Chronology Current Month Current Thread Current Date
[Year List] [Month List (current year)] [Date Index] [Thread Index] [Thread Prev] [Thread Next] [Date Prev] [Date Next]

Re: Indices of refraction are complex??



Digby Willard wrote:

Remember, also, that indices of refraction are complex!

That's news to me. Might be something I once knew, but it rings no bells.
My understanding of indices of refraction comes from Huygens' Principle and
Snell's Law, as applied at the high school level.

Could you elaborate a bit? If possible, keep the elaboration to advanced
high school level or a bit beyond.

Think of the "imaginary" part of "n" as the absorption coefficient - or
perhaps as the "cause" of it. If "n" is complex, then so is the wave
speed, hence so is the wave vector "k". So in the complex notation y =
RealPart[Aexp(i[kx-wt])] (pasted in from John Denker's summary), k has
both real and imaginary parts.
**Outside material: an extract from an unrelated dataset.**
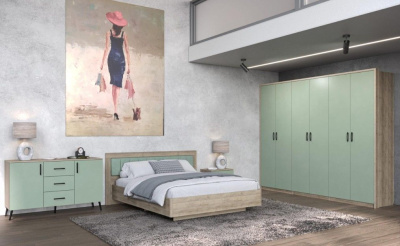 Спальня ЮМИ 5 Дуб серый-Эвкалипт-Simple 21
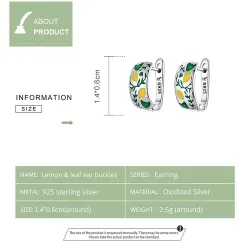 Fresh natural lemon / leaves - stud earrings - 925 sterling silverEarrings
The imaginary part will lead to i*i=-1 -
you will be multiplying by exp(-alpha*x)... the wave decays
exponentially with distance into the material.

Again the point is not that "n" really has an imaginary part, but that
this is all nothing but math to do calculations, and writing an
imaginary part onto "n" is an elegant and natural (when you do the full
EM solution) fashion to include absorption effects.